Abstracts of some of the accepted contributions for Fractal2002:

Correlation dimension of dissipative continuous dynamical systems stochastically excited by temporal inputs

K. Gohara and J. Nishikawa (Japan)

We have presented a theory for dissipative continuous dynamical systems stochastically excited by external temporal inputs. The theory shows that the dynamics is characterized by a set G(C) of trajectories in hyper-cylindrical phase space, where C is a set of initial states on the Poincare section. Two sets, G(C) and C, are attractive and invariant fractal sets. In this paper, using a nonlinear Duffing equation, we show numerically that the correlation dimension of the set C is approximately inversely proportional to the time length of inputs while the dimension is independent of the input amplitude. These obtained results might be universal characteristics of dissipative continuous dynamical systems stochastically excited by temporal inputs.

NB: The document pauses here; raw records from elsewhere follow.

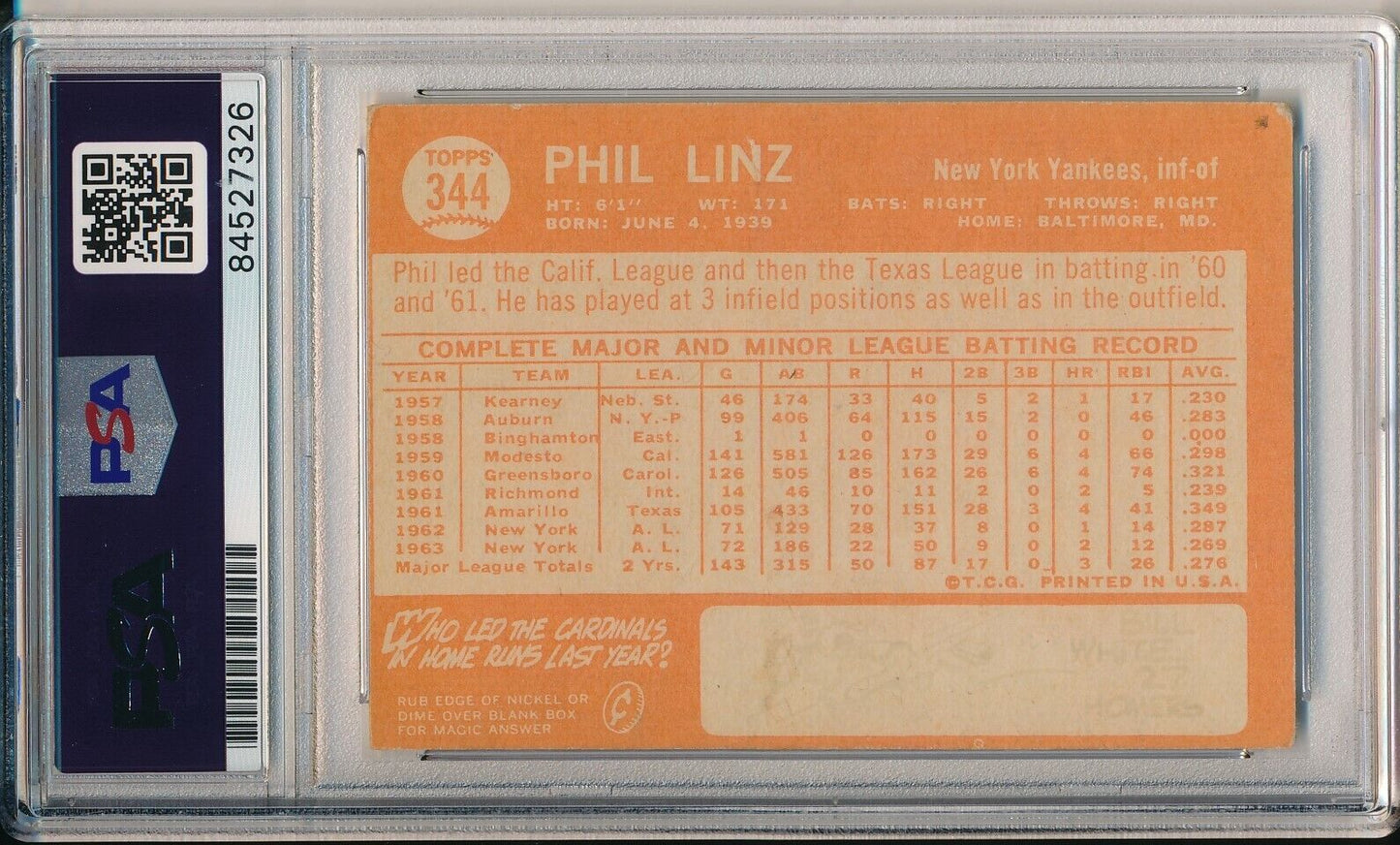 Phil Linz Yankees Signed/Autographed 1964 TOPPS Card #344 PSA/DNA 166511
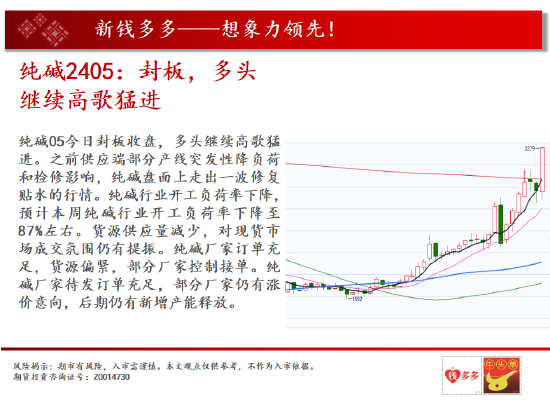中天期货:棕榈下长影线 白糖跌顺了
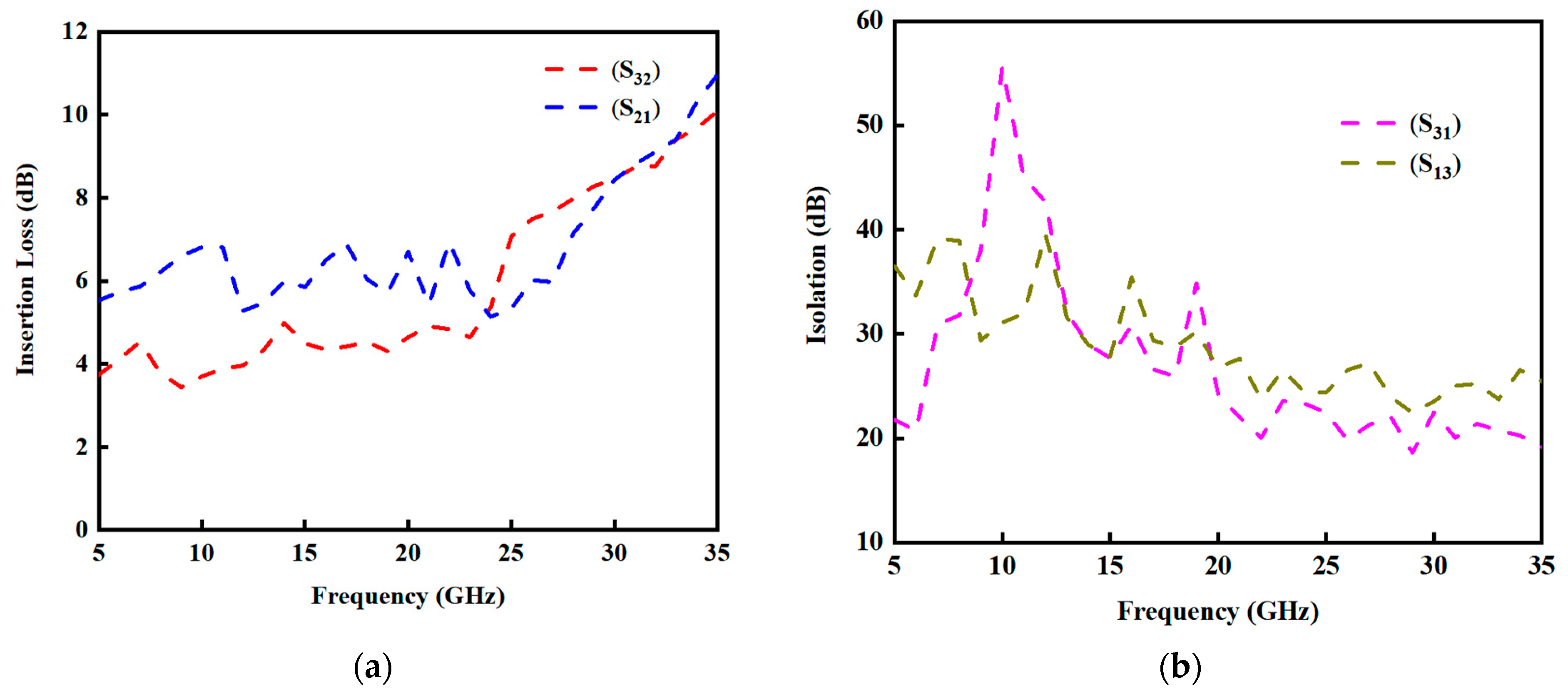 Applsci 14 10083 g008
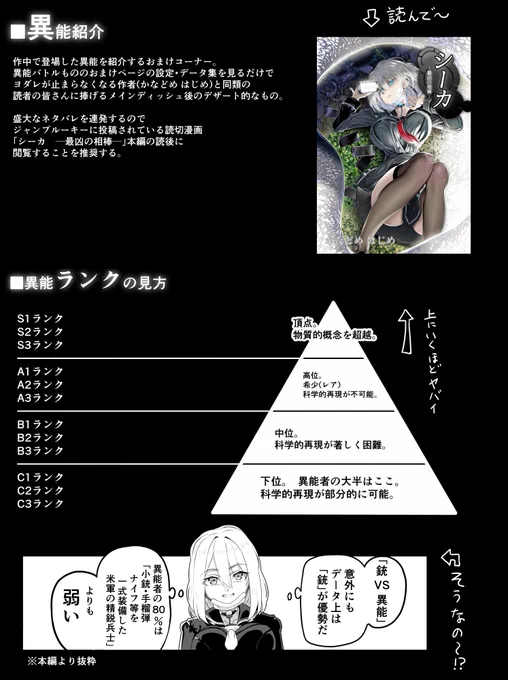 「異能紹介①」 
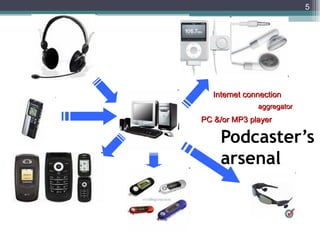 5




   Internet connection
               aggregator
PC &/or MP3 player

     Podcaster’s
     arsenal
 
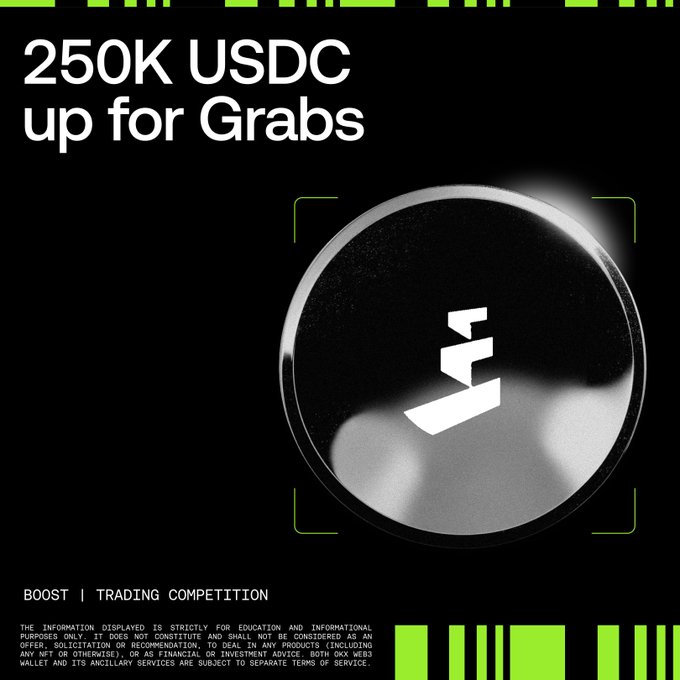 A promotional graphic for an OKX Web3 trading competition features bold text reading "250K USDC up for Grabs" alongside a metallic spherical object displaying the OKX logo, with "BOOST | TRADING COMPETITION" labeled at the bottom. The image complements the post announcing a 250,000 USDC reward pool for trading $PROS on Pharos Network via OKX's DEX.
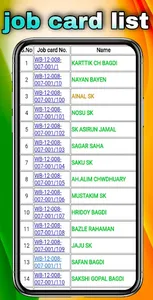 Job Card list All India NREGA screenshot 3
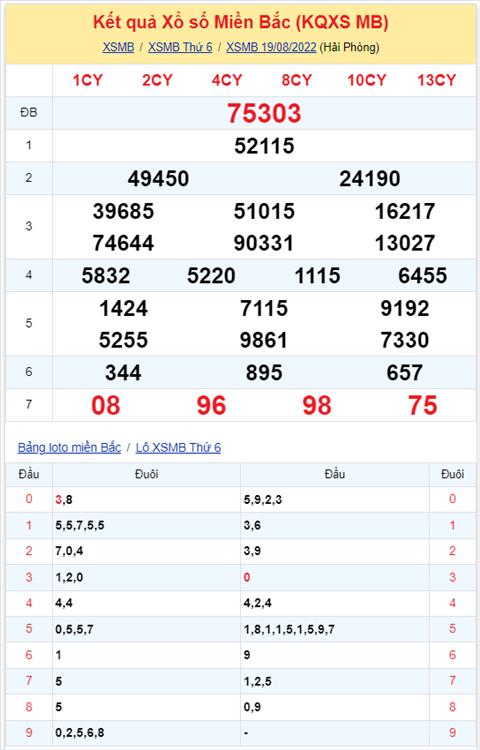 Binh luan KQXSMB 19082022 tiep tuc co cap so 15 xuat hien 4 lan hinh anh 2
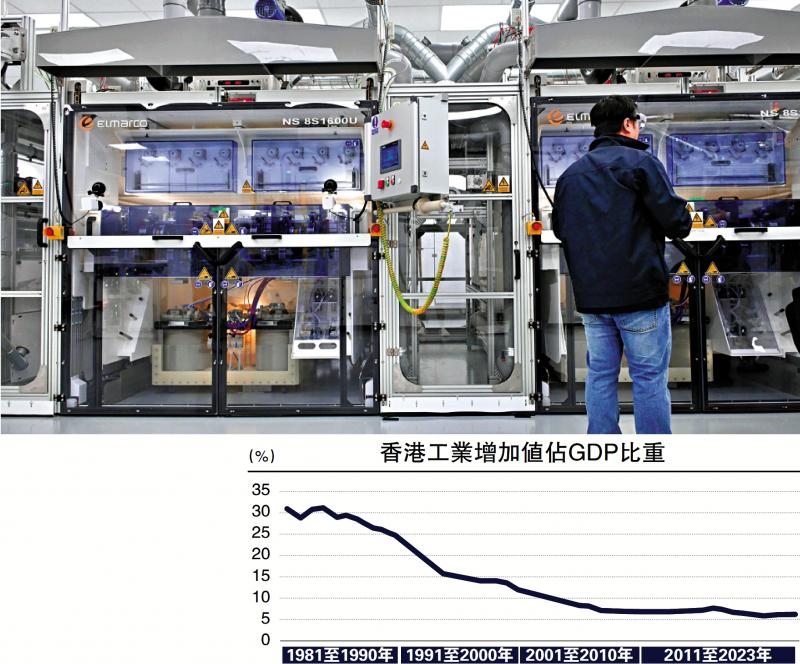 ﻿金融观察/香港新型工业化生态日臻完善\ 邓 宇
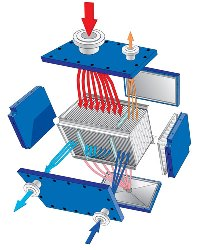 Two pass condenser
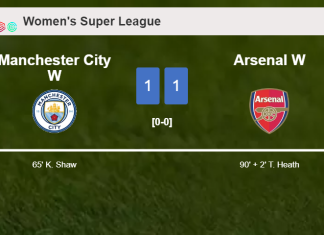 Arsenal seizes a draw against Manchester City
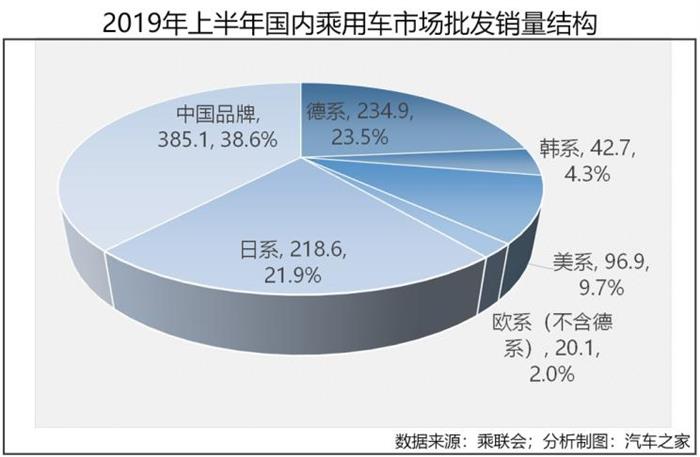 SUV，销量，中国品牌汽车,2019汽车销量，2019上半年车市,2019上半年汽车销量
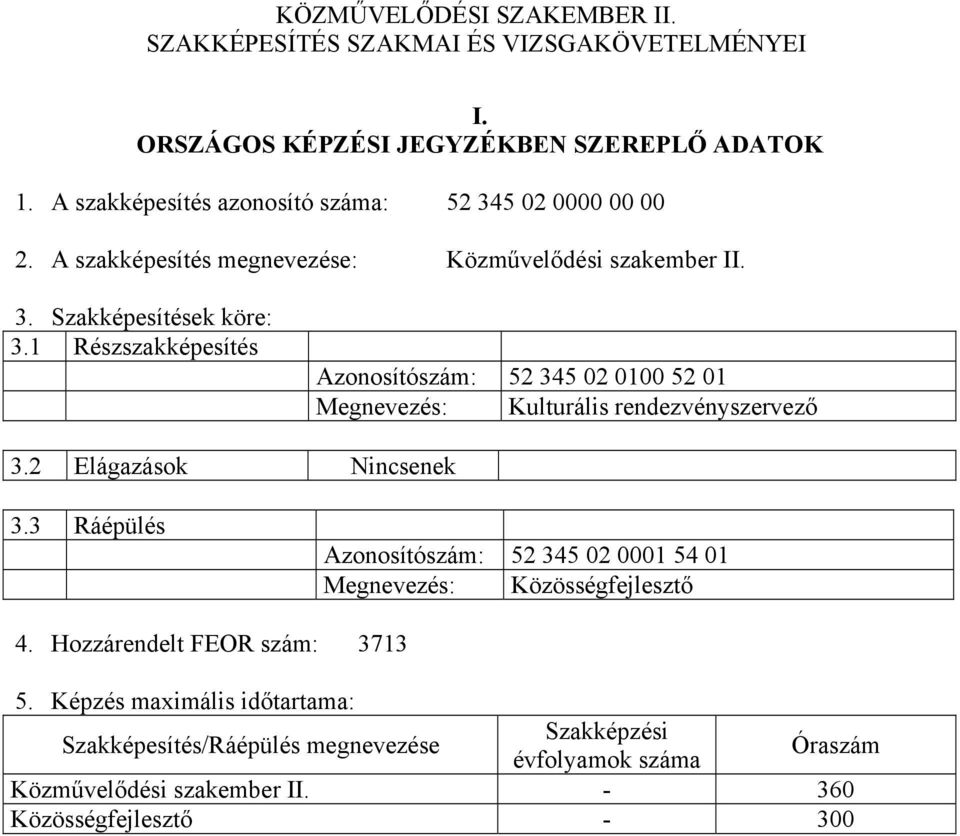 1 Részszakképesítés Azonosítószám: 52 345 02 0100 52 01 Megnevezés: Kulturális rendezvényszervező 3.2 Elágazások Nincsenek 3.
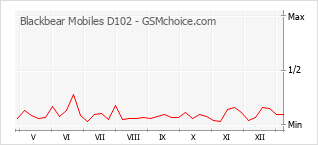 Gráfico de los cambios de popularidad Blackbear Mobiles D102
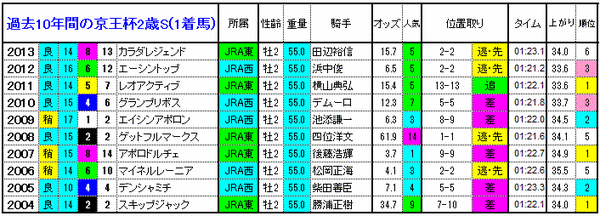 1着馬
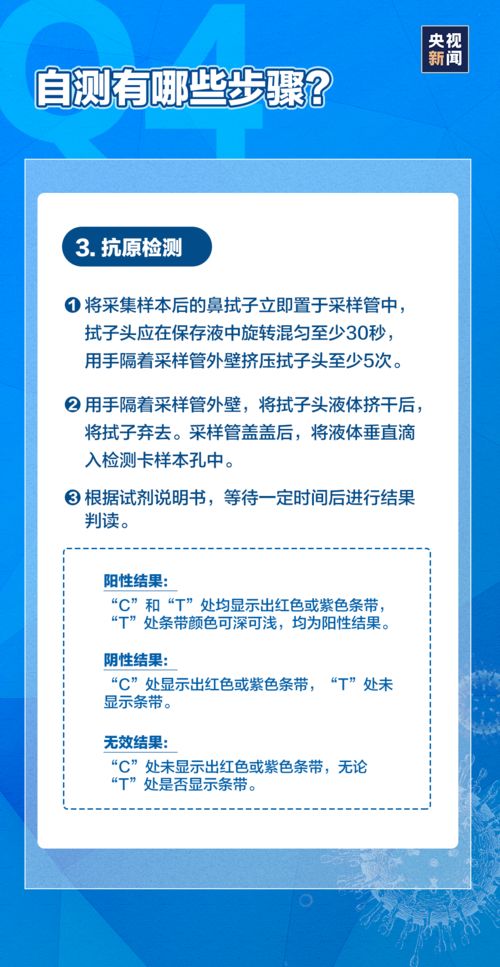 新冠抗原居家自测产品 开闸 ,价格曝光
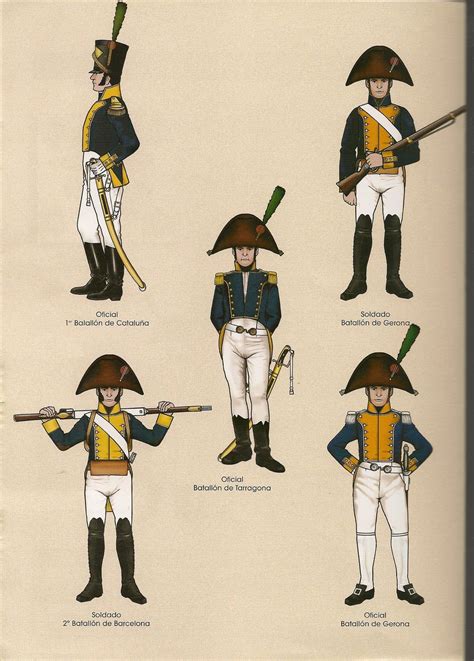 Uniformes Militares Españoles Ejercito Guerras Napoleónicas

An homographic-Weibull model for rareness

T. Huillet (France)

Heavy-tailed random variables or sequences constitute a source of numerous investigations and questions at the moment, both from the theoretical point of view and from applied fields as diverse as Finance, Hydrology, Seismology, Geology and Telecommunications. In all these applications, the central problem is to evaluate the probability of an outstanding i.e. extreme event to occur as the damage involved could be huge. In this article, it is suggested that the problem (borrowed from Geology or Environment Sciences) of deciding whether a natural resource (say such as a particular ore or pollutant) is abundant or sparse in Nature is intimately related to these tails' questions: we indeed supply a natural connection between the rareness/abundance investigation of a natural resource and questions arising from the distinction between heavy or light tails of its ''value''. On this basis, we suggest that a ''good'' statistical model for ''rare ore'' could be an homographic-Weibull distribution for its grade. In sharp contrast to this model, ore whose ''value'' is Pareto or log-normal distributed should represent data where ore and body of ore are strongly mixed. The Homographic-Weibull model present two unknown scale and shape parameters. One possible way to address the estimation problem from data is briefly discussed, exploiting a logratio transformation which appears ''natural'' in this problem. This is a preliminary step before the enrichment process of rare ore can be posed on statistical grounds.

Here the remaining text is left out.